Ein Vorausvermächtnis ist die vermächtnisweise Zuwendung eines Gegenstandes oder Rechtes an einen der Miterben ohne Ausgleichszahlung an die weiteren Miterben oder den Erben (§ 2150 BGB). Will der Erblasser einen bestimmten letztwillig Bedachten gegenüber den übrigen Miterben wertmäßig besser stellen, dann hat er hierzu die Möglichkeit, ein Vorausvermächtnis in seine letztwillige Verfügung aufzunehmen.

2. Abgrenzung

 

Rz. 10

Trifft der Erblasser Anordnungen für die Auseinandersetzung des Nachlasses, so kommt es häufig vor, dass die den einzelnen Miterben zugewiesenen Vermögensgegenstände wertmäßig nicht ihren Erbquoten entsprechen. In diesem Fall liegt, wenn die letztwillige Verfügung keine Aussage zu dieser Problematik macht, nach der gesetzlichen Auslegungsregel eine Teilungsanordnung gem. § 2048 BGB vor. Diese besagt, dass der Begünstigte einen Ausgleich an die anderen Miterben zu leisten hat, damit alle Miterben wertmäßig am Nachlass entsprechend ihrer Erbquoten beteiligt sind. Ist kein Ausgleich des Begünstigten zu leisten, liegt ein sog. Vorausvermächtnis vor. Maßgebliches Kriterium für die Unterscheidung zwischen Vorausvermächtnis und Teilungsanordnung ist nach dem BGH, ob der Erblasser einem der Miterben durch die Zuwendung einen Vermögensvorteil verschaffen wollte, ob beim Erblasser der sog. Begünstigungswille vorlag.[24]

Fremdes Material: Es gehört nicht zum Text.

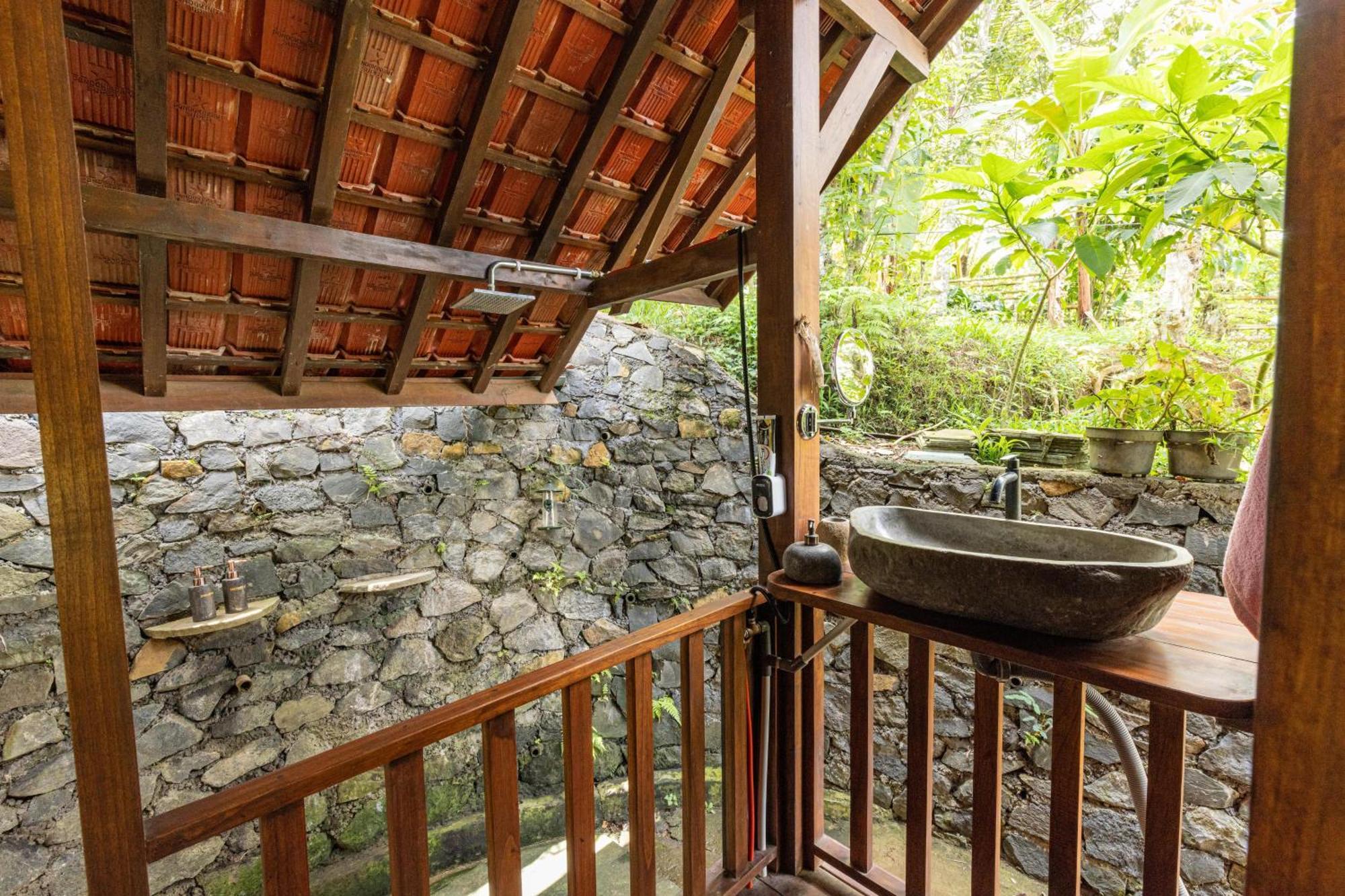 Plantation Hideaway Luxury tent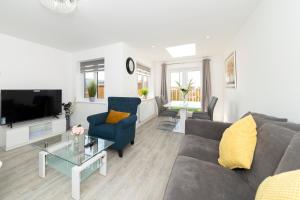 a living room with a couch and a tv at Greenfield Holiday Homes in Bracknell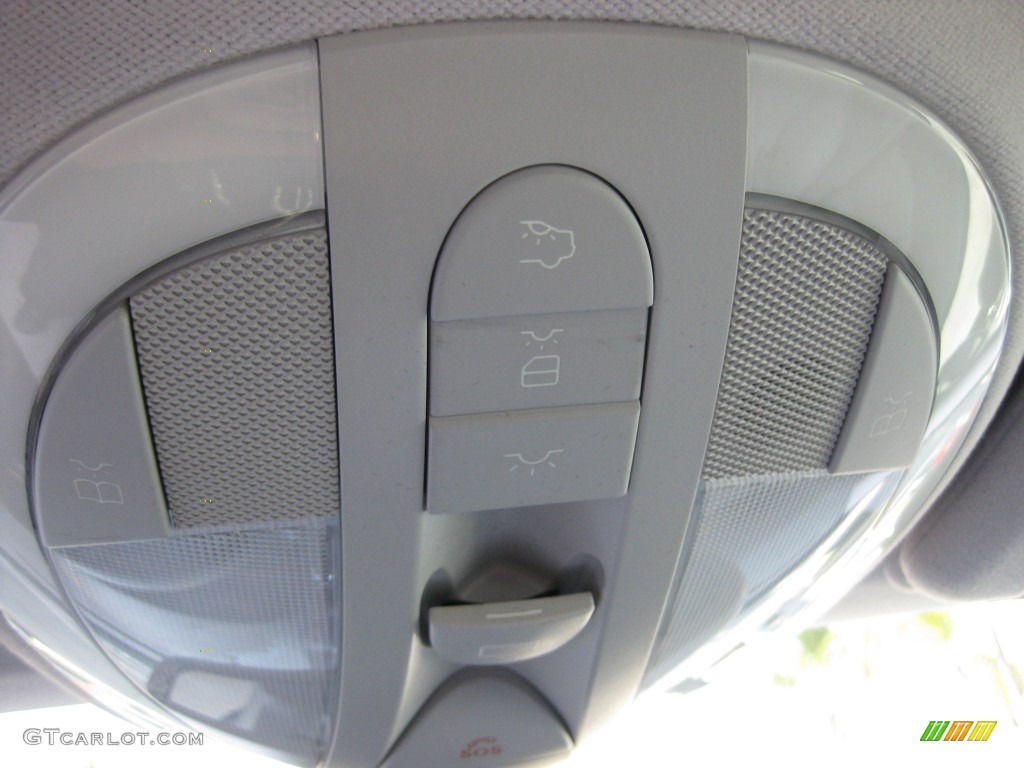 2005 Mercedes-Benz E 500 Sedan Controls Photos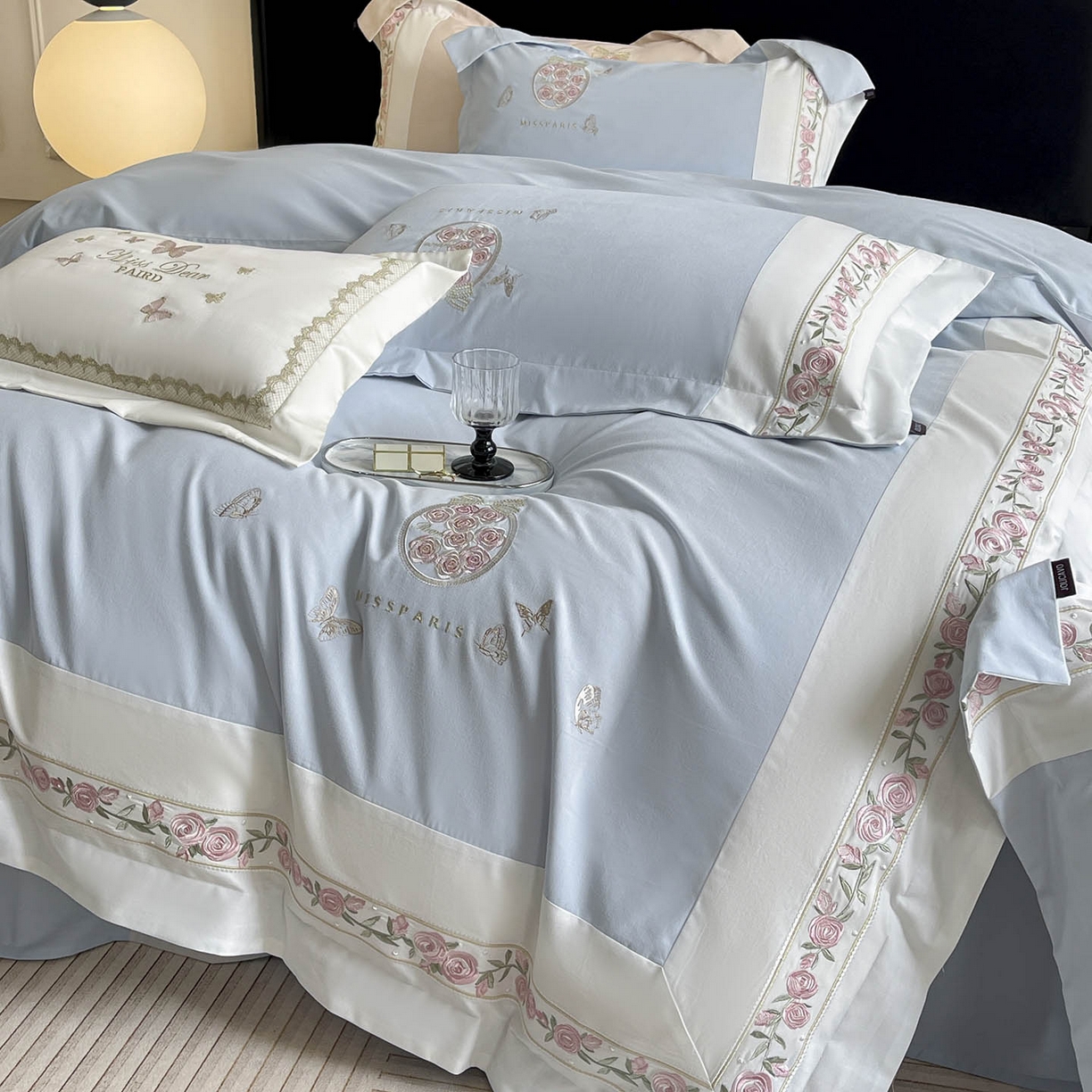 91家纺网 家纺一手货源 找家纺 冬季爆款A类长绒棉加厚磨毛全棉纯棉保暖高端重工刺绣全工艺被套床单轻奢床上用品 花巷-飘蓝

Die Teilungsanordnung selbst konkretisiert gem. § 2048 BGB nur den Erbteil, während das Vorausvermächtnis zusätzlich zum Erbteil erworben wird. Das Vorausvermächtnis wird gem. § 2176 BGB sofort als schuldrechtlicher Anspruch mit dem Erbfall fällig und ist vor der Miterbenauseinandersetzung durchsetzbar,[25] während die Teilungsanordnung nur durch die Erbauseinandersetzung erfüllt wird. Mit der Teilungsanordnung hat der Erblasser die Möglichkeit, einen gesetzlichen Erben dauernd aus einer Erbengemeinschaft auszuschließen, während bei Vermächtnisanordnung zugunsten eines gesetzlichen Erbens ein Vorausvermächtnis vorliegt. Der Vermögensvorteil des Miterben muss beim Vorausvermächtnis nicht notwendig in einer finanziellen Besserstellung liegen.[26] Auch die Einräumung des Rechts, einen Gegenstand zu einem bestimmten Preis erwerben zu können, erfüllt diese Voraussetzungen.

 

Praxishinweis

Hauptanwendungsfall des Vorausvermächtnisses ist das an den Vorerben. Soll der Vorerbe hinsichtlich bestimmter Gegenstände des Nachlasses vollständig von den Beschränkungen der Nacherbfolge befreit werden, bietet sich das Vorausvermächtnis als geeignetes Gestaltungsmittel an.[27]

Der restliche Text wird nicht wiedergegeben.